# Big Bird



## greenasthegrass (Oct 27, 2007)

Ok am not a twitcher but have just seen a houge, massive, the biggest bird ever fly round our house.

Its wingspan was about at least 4 feet it had a lovely reddish brown very large fanned tail and underneath had dark grey and white pattern. It must have been some sort of hawk cos all other birdies disappeared and it went eerily quiet.

It just flew round and round our house for about 20 mins then went away.

I didn't get close enough to see the pilots teeth though !!!! 8O 8O 8O


----------



## cronkle (May 1, 2005)

Sounds like a buzzard.


----------



## Broom (Oct 8, 2007)

Hi Greenie

Knowing the area where you live I would have to go for a Red Kite, I have seen them at Hook Moor, no Buzzards in the area to my knowledge. The Red Kites live in Bramham Park.

Best Regards
Broom
(Hope you are well)


----------



## cronkle (May 1, 2005)

Broom said:


> Hi Greenie
> 
> Knowing the area where you live I would have to go for a Red Kite, I have seen them at Hook Moor, no Buzzards in the area to my knowledge. The Red Kites live in Bramham Park.
> 
> ...


My initial thought with the description of the colouring but it is fan tailed.


----------



## greenasthegrass (Oct 27, 2007)

Hi Brooooom brooom

Do they fly freely then? I have never seen such a massive bird ever it was houge!
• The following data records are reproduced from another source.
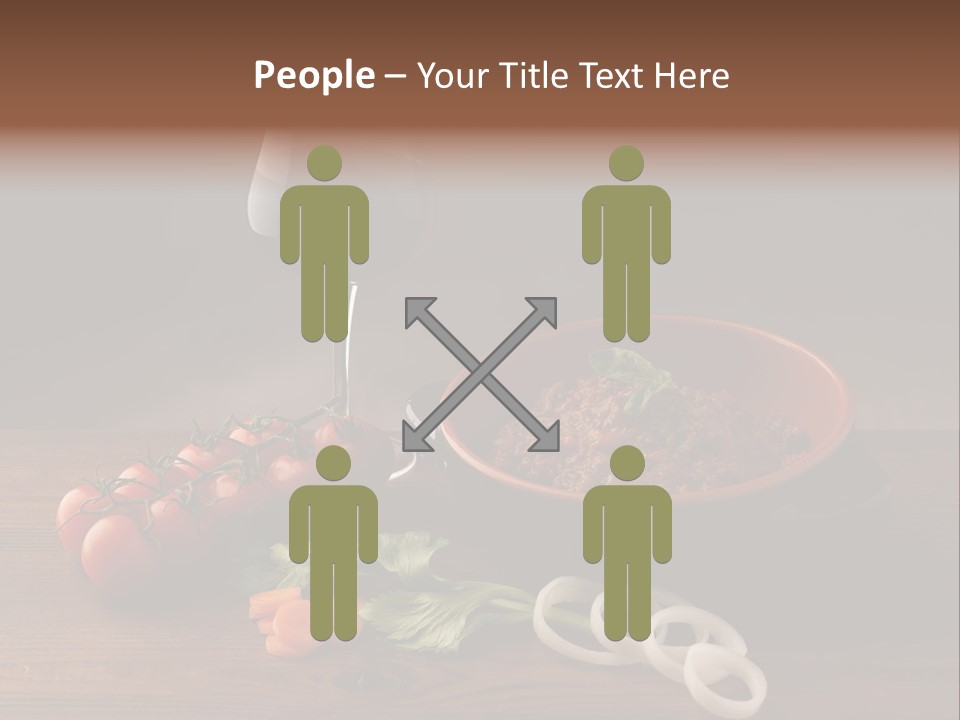 Chow Dough Dish PowerPoint Template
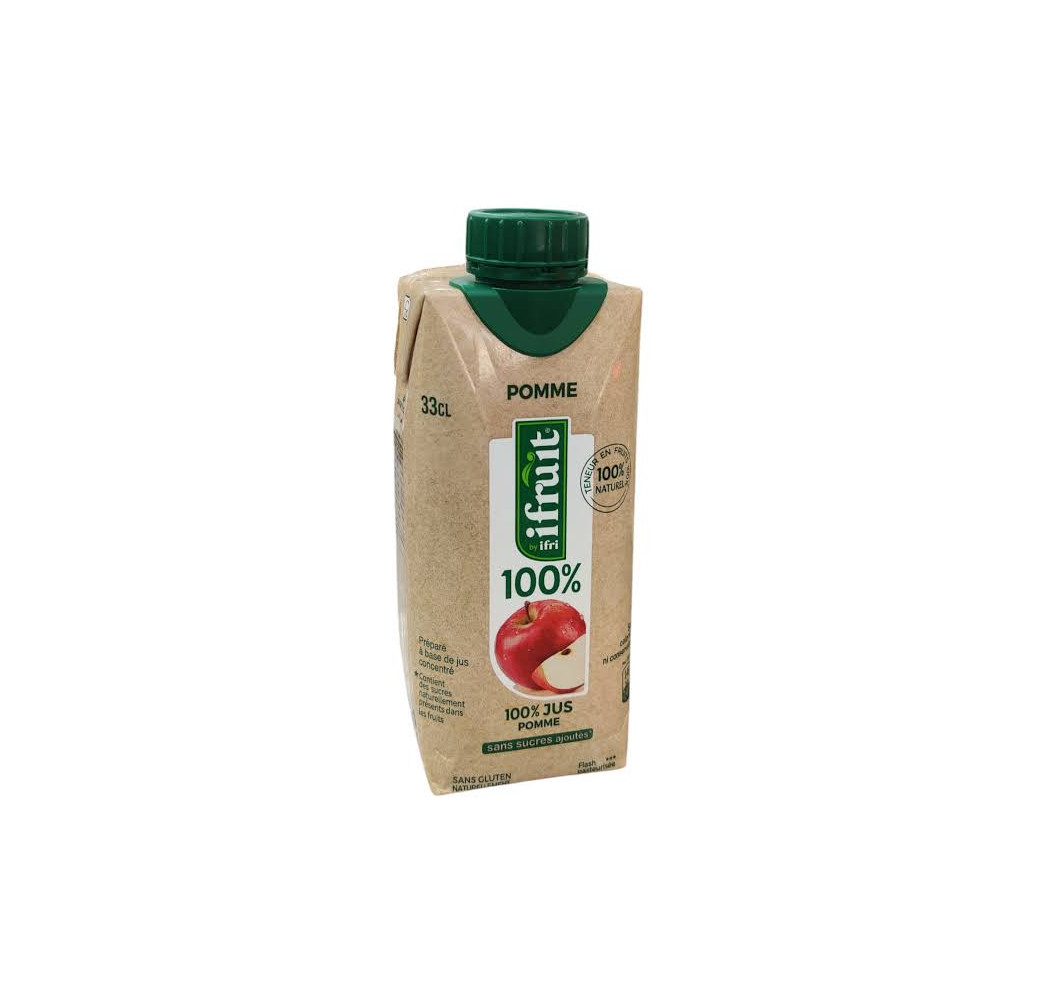Boisson aux jus de Pomme 100% Naturel IFRUIT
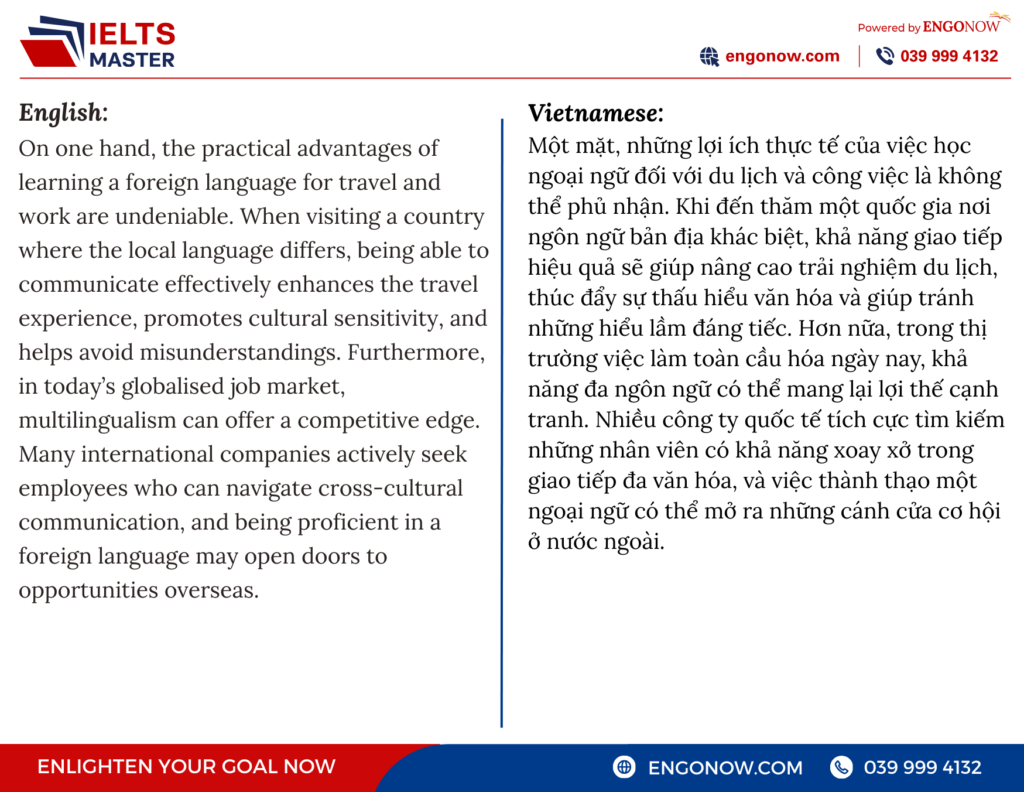 học ielts bình tân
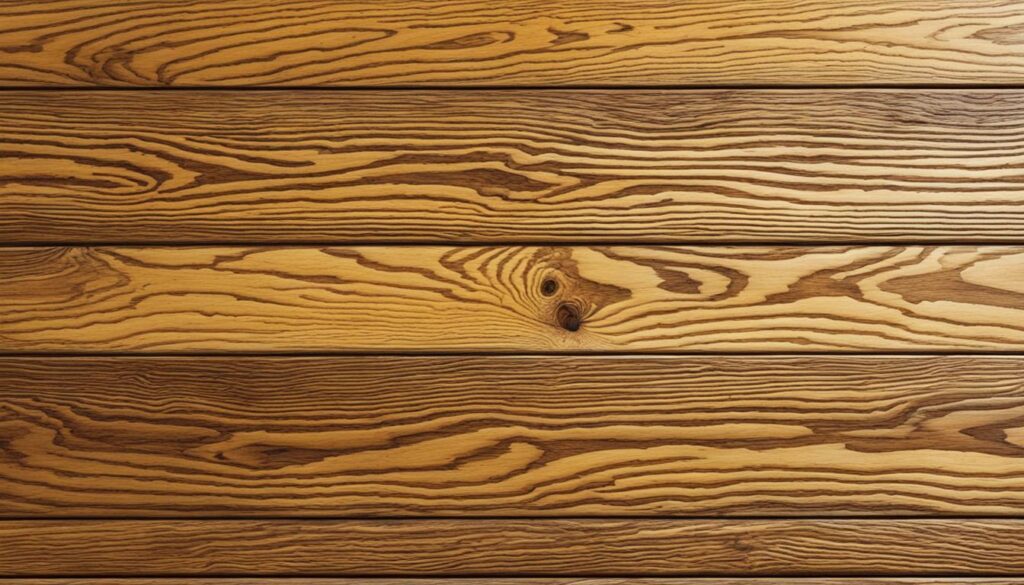 warped hardwood floor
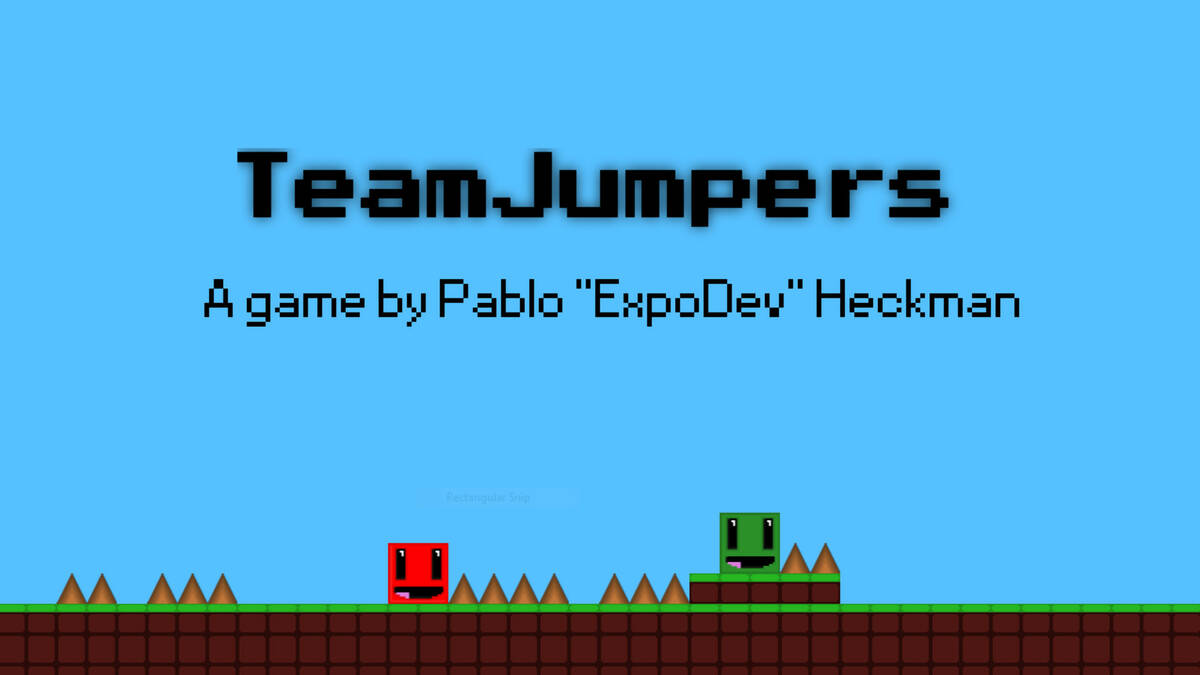 Скриншот 5 к игре TeamJumpers: Rejumped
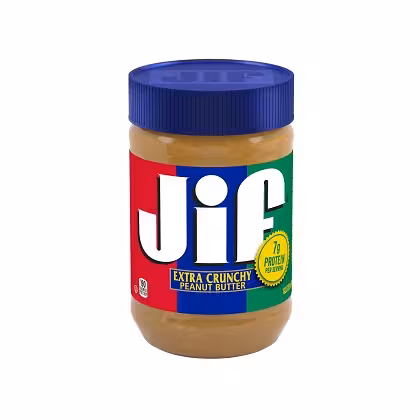 کره بادام زمینی اکسترا کرانچی جیف Jif وزن 793 گرم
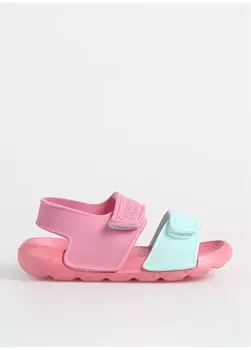 Синий - Сандалии для маленьких девочек цвета фуксии SANDRA-G Discovery Expedition, синий/фуксия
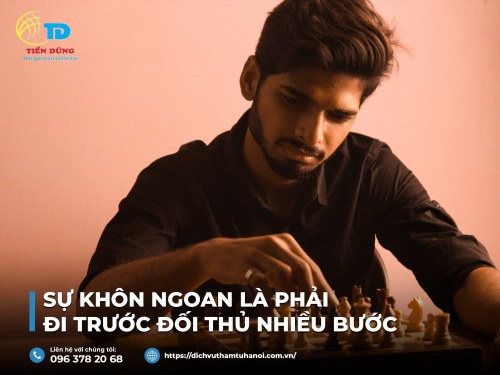 NẮM LẤY ĐỐI THỦ TRONG LÒNG BÀN TAY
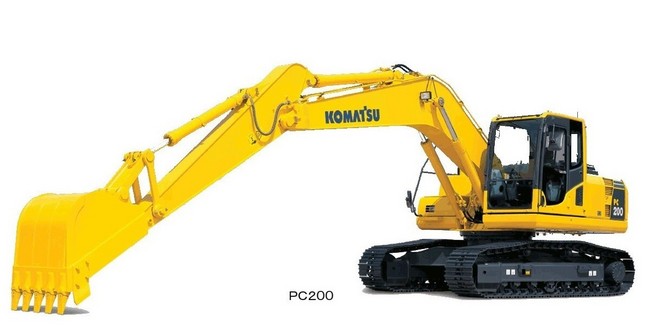 大型バックホー 0 7 Pc200 Pc300 のレンタル 掘削機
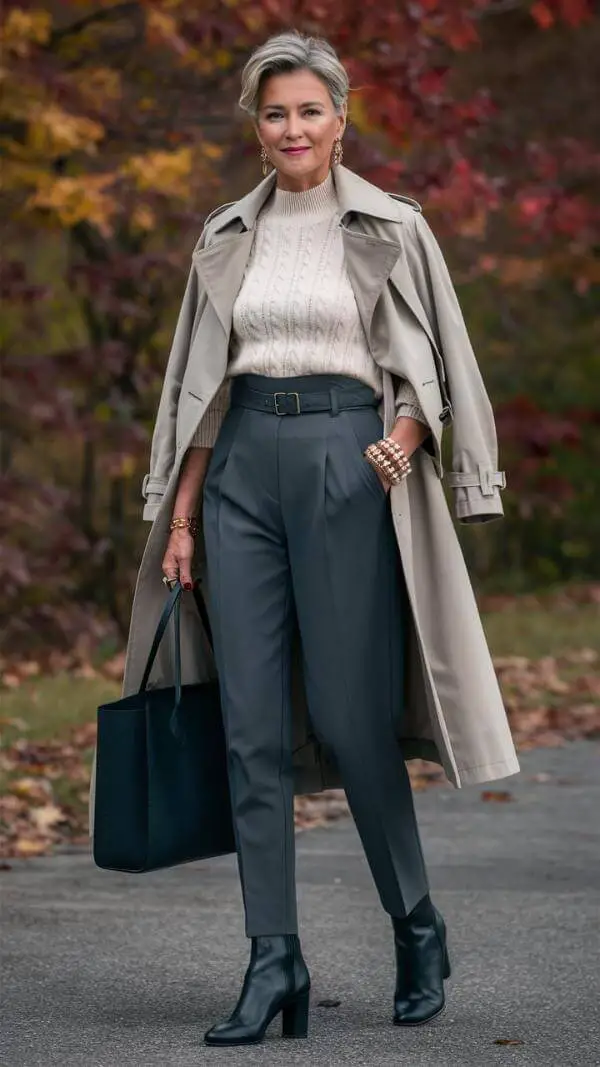 Fall Fashion Over 60 Women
Boys thought it was a model plane at first.

Am ok now but got that dry socket thing after having me tooth out last Wednesday am not happy bunny!

Regards

Greenie


----------



## Alfa_Scud (Sep 27, 2006)

Are you sure it wasn't that Vulcan that was supposed to be flying from Bruntingthorpe today???  8O


----------



## greenasthegrass (Oct 27, 2007)

Look I know am thick girl bird but I know difference between airplane and feathered variety - well actually do I? 8O 

Blonde anyone?


----------



## Spacerunner (Mar 18, 2006)

Very good description of a buzzard.
A couple of years ago we had one taking starlings from our roof eaves. Never heard such an almighty racket. Them old starlings don't 'arf 'oller when there's a buzzard around!!


----------



## 88781 (May 9, 2005)

Probably a Red Kite escapee from Harewood Estate :lol:


----------